Exercise brief
Your answer should hold only the lines from the one containing "Turismo lento: ecco" through the last line below, copied exactly; pictures stay out.

[Recorded data]
──────────────────────────────

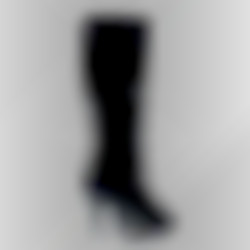 Member Image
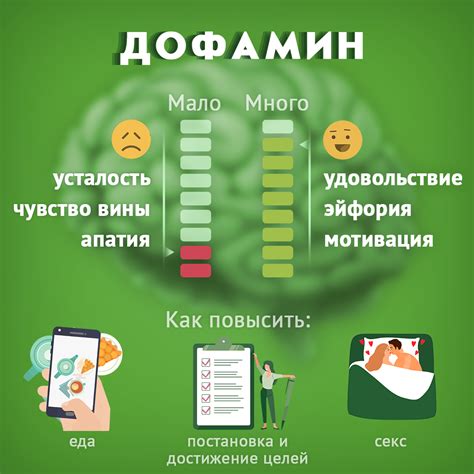 Как отдыхать, чтобы уровень дофамина оставался в норме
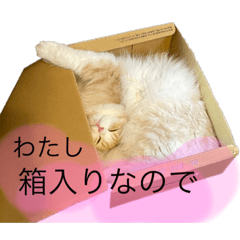 [LINEスタンプ] 気ままロマネコ
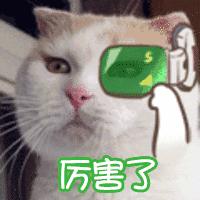 新雨自然学校·第一期Day1：快来建造属于自己的生态花园吧！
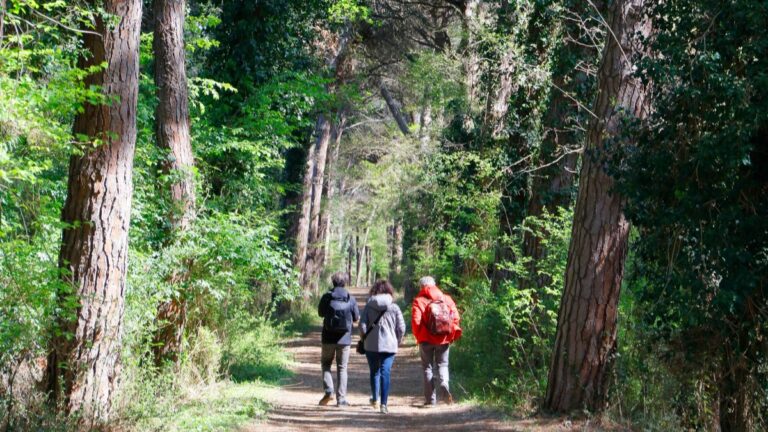 Turismo lento: ecco i 5 cammini italiani da fare a piedi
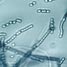 Streptomyces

──────────────────────────────

Solution to the exercise
 Turismo lento: ecco i 5 cammini italiani da fare a piedi
 Streptomyces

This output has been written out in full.